## EXCERPTED DATA
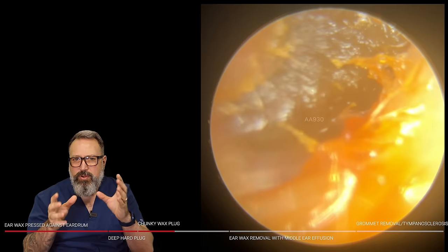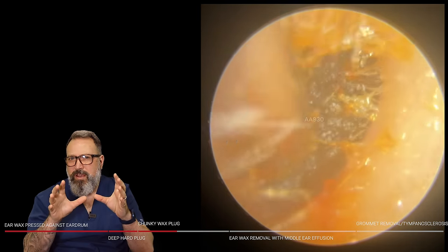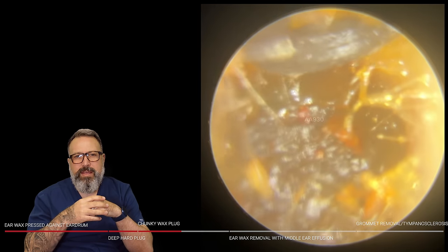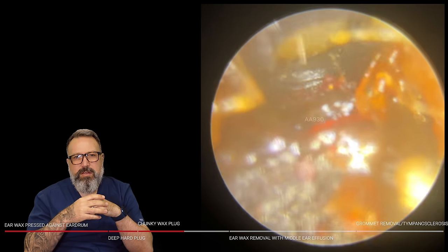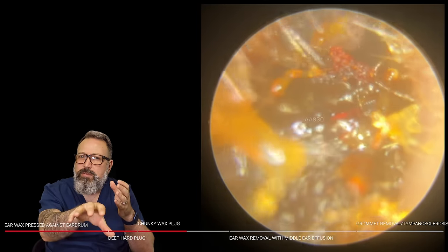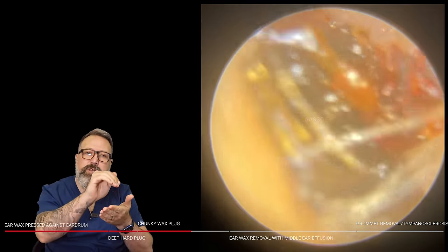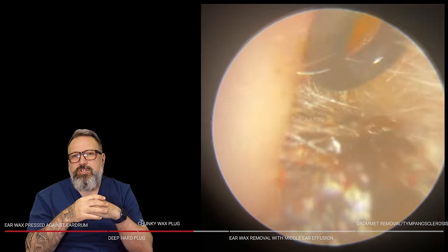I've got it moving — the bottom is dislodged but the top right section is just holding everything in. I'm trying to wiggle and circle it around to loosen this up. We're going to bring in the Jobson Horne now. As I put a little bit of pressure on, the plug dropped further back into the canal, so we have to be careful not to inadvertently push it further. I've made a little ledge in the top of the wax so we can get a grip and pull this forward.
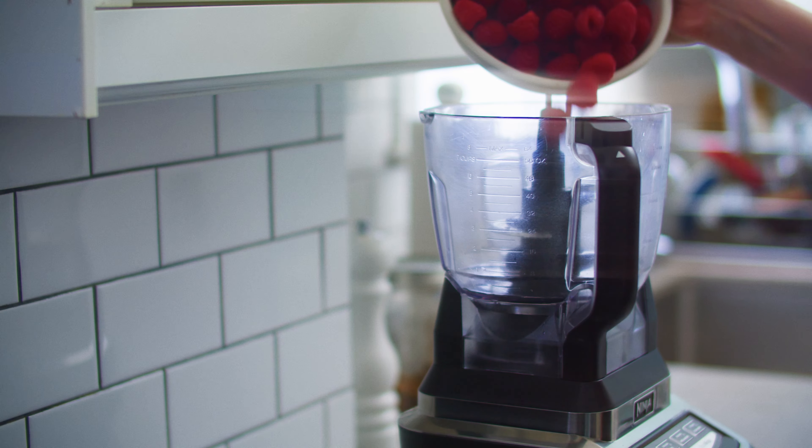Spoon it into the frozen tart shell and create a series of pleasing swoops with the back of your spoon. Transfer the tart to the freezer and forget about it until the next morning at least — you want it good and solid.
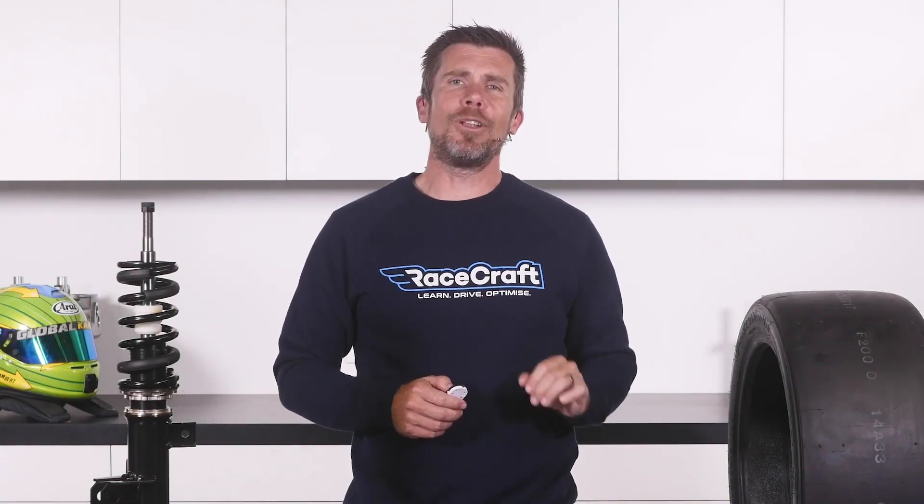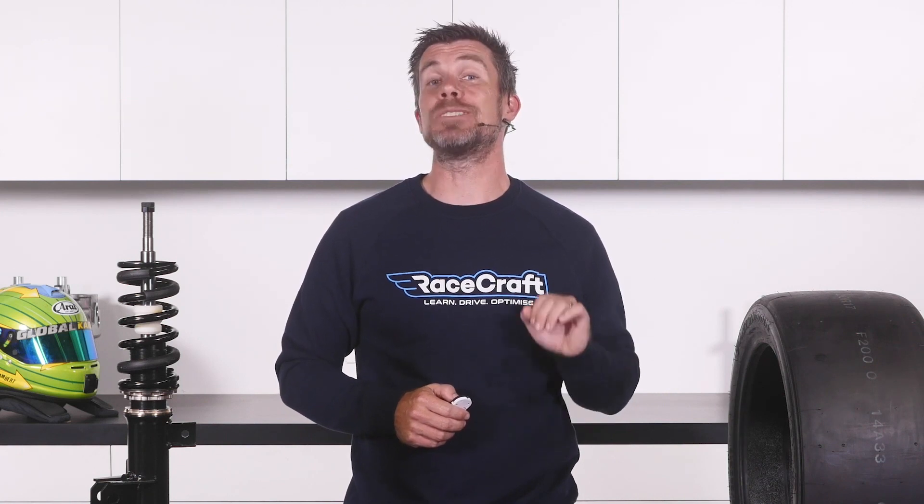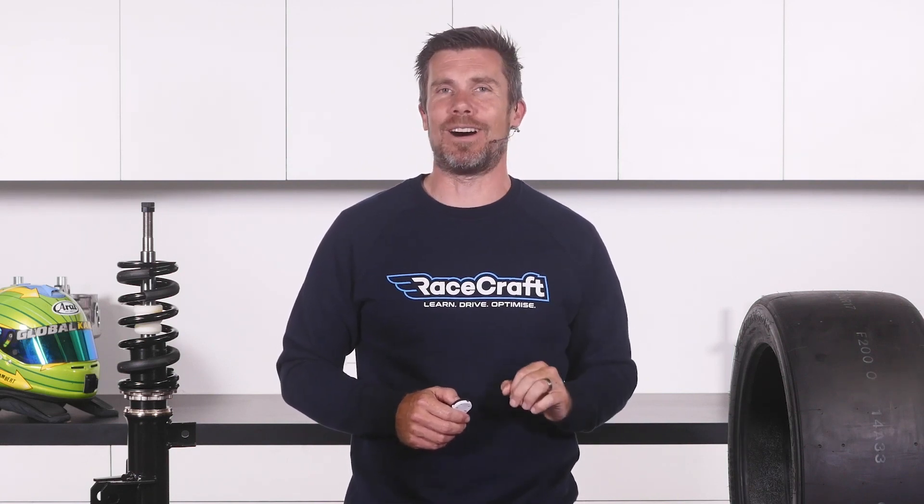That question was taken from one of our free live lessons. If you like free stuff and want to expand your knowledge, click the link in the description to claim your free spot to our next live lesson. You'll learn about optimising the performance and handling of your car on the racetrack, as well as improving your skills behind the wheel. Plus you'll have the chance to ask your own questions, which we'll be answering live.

--

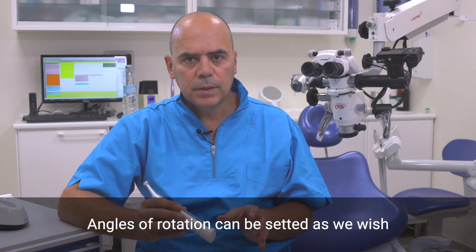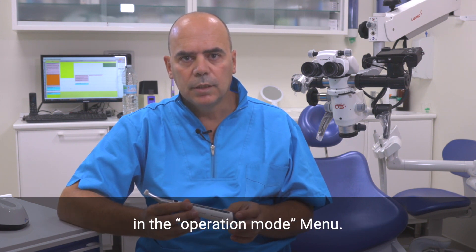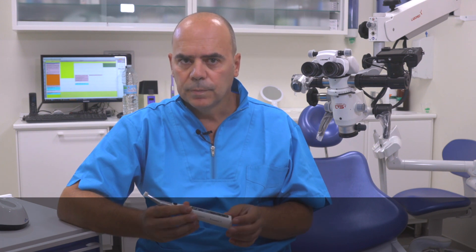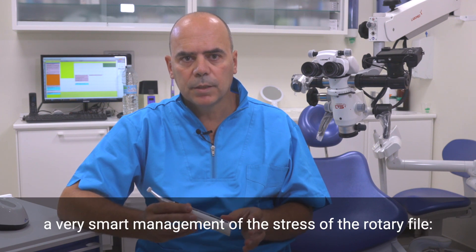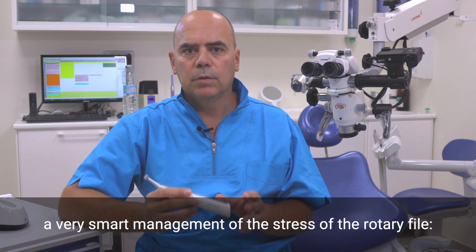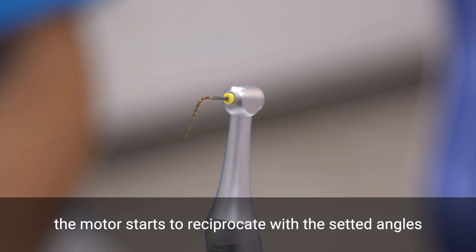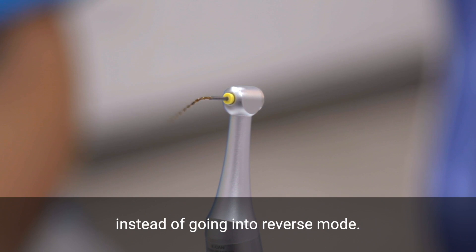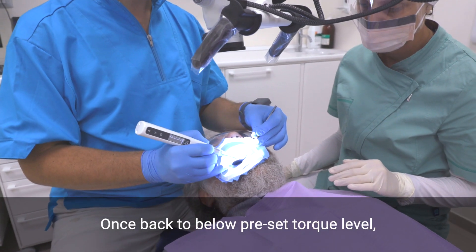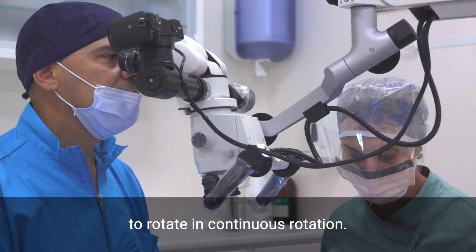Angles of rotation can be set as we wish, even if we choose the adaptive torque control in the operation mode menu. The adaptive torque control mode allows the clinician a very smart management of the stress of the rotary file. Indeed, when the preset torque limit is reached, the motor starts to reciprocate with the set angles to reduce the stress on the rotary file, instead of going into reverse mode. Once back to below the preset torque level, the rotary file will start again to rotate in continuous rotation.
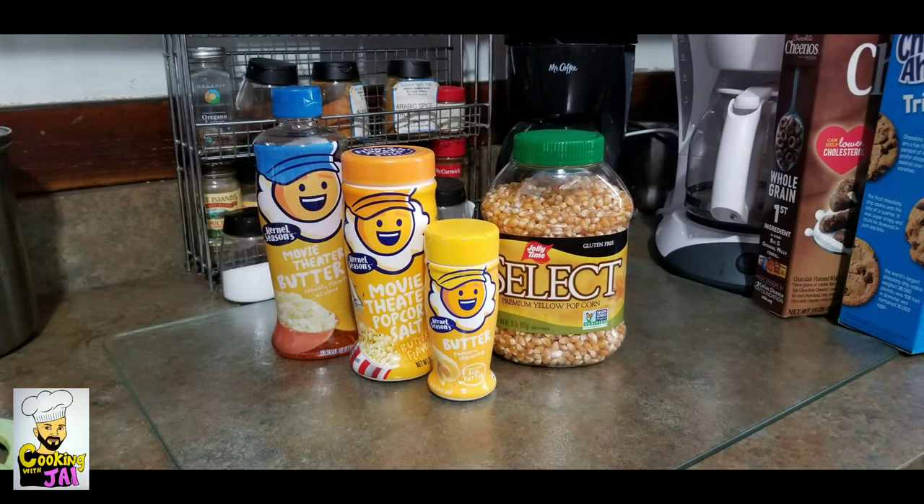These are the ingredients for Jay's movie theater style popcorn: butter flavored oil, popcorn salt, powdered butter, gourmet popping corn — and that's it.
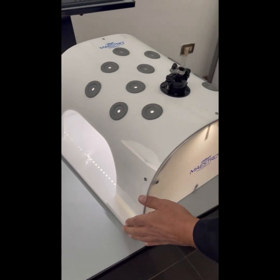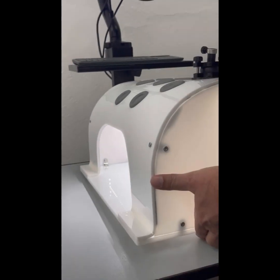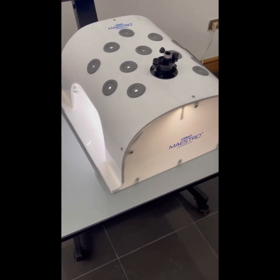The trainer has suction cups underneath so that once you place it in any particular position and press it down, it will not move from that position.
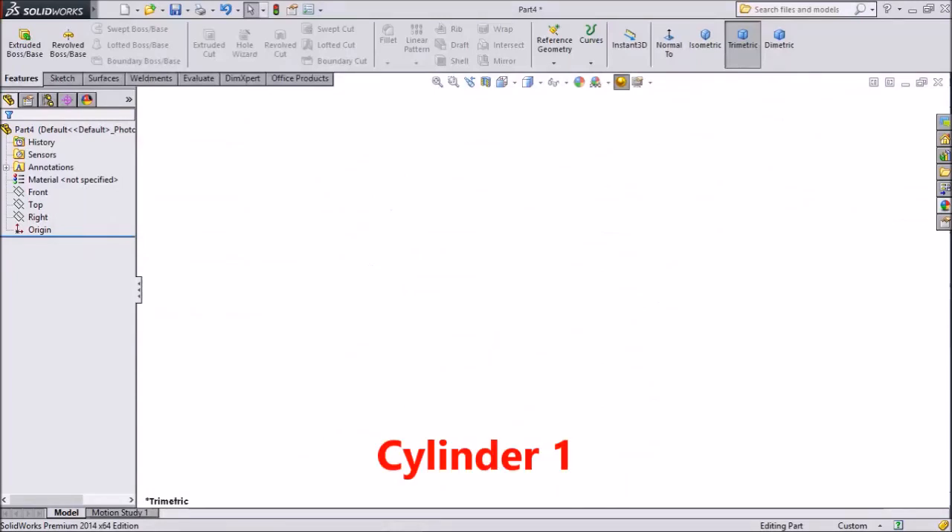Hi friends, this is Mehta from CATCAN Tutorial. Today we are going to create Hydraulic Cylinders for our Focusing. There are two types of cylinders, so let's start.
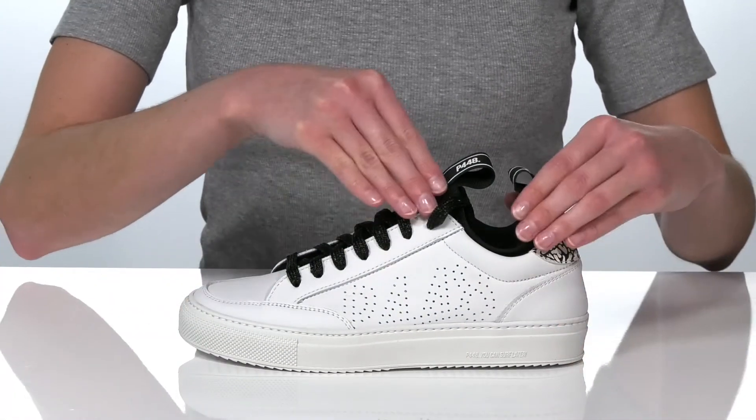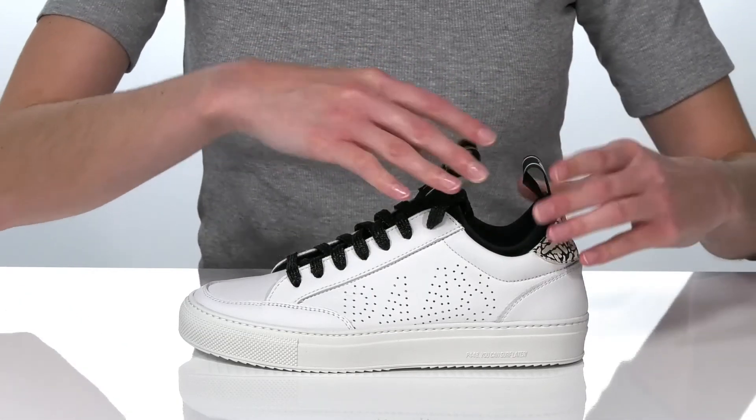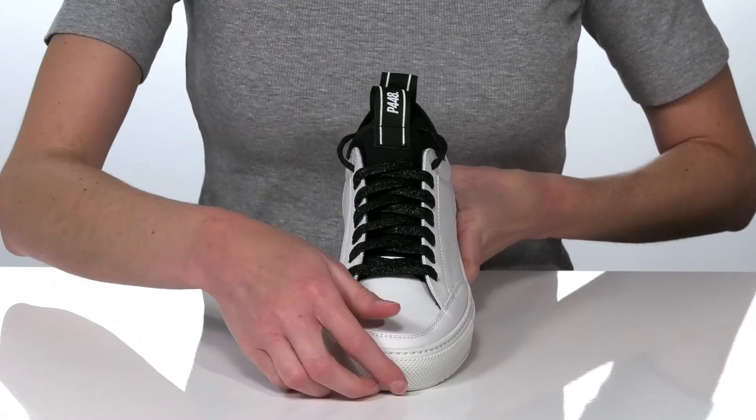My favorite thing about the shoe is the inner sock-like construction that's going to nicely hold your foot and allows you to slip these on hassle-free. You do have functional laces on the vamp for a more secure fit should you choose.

...

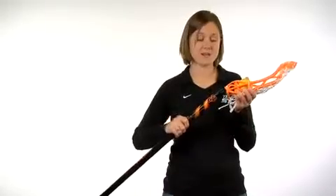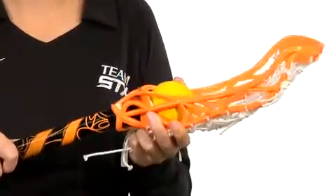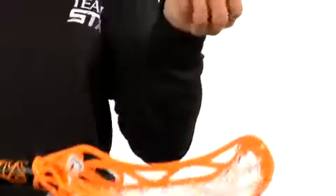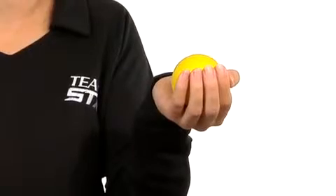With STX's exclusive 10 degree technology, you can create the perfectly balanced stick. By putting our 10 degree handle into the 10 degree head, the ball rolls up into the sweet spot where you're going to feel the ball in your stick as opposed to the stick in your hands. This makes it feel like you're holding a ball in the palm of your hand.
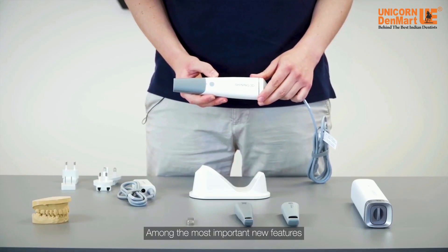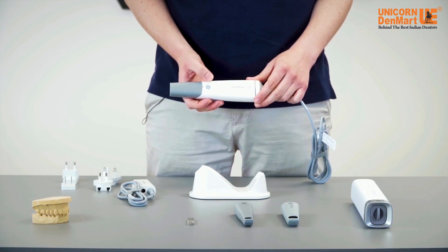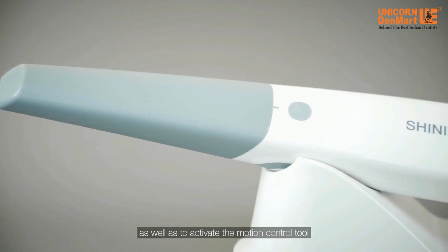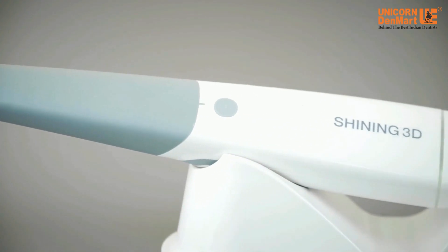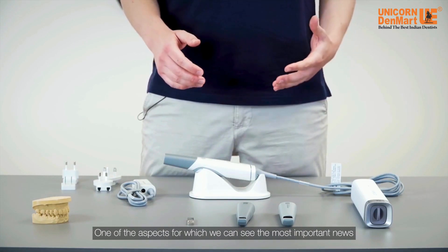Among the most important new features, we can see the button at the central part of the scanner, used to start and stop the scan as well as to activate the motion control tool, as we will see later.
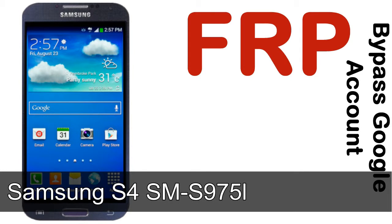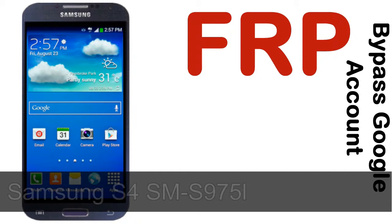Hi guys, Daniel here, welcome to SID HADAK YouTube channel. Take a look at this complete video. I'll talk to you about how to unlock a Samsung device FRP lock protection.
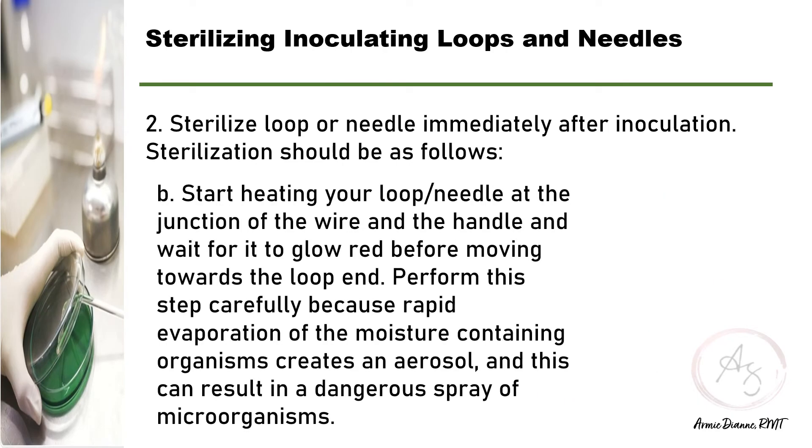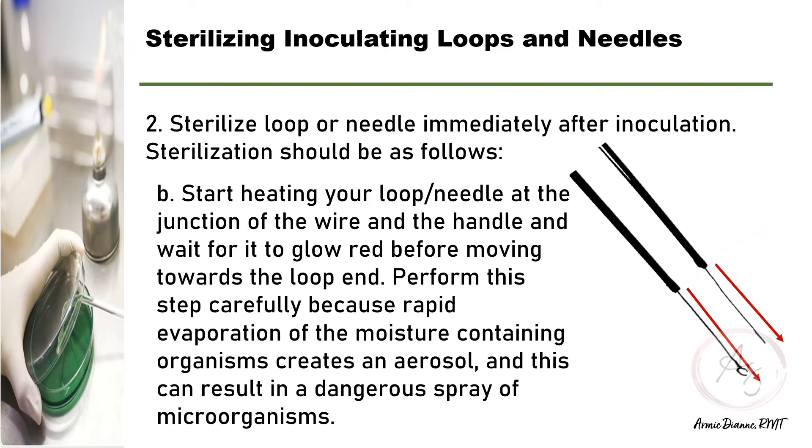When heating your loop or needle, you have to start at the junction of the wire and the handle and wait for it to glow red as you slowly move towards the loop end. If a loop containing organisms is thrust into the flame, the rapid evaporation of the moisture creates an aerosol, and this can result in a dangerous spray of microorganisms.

## PROBLEM
Skipping the pictures, print the lines in the listing above exactly as written, starting at the line with "I've got it" and ending at the line with "Spoon it into", both included.

## TASK OUTPUT
I've got it moving — the bottom is dislodged but the top right section is just holding everything in. I'm trying to wiggle and circle it around to loosen this up. We're going to bring in the Jobson Horne now. As I put a little bit of pressure on, the plug dropped further back into the canal, so we have to be careful not to inadvertently push it further. I've made a little ledge in the top of the wax so we can get a grip and pull this forward.
Spoon it into the frozen tart shell and create a series of pleasing swoops with the back of your spoon. Transfer the tart to the freezer and forget about it until the next morning at least — you want it good and solid.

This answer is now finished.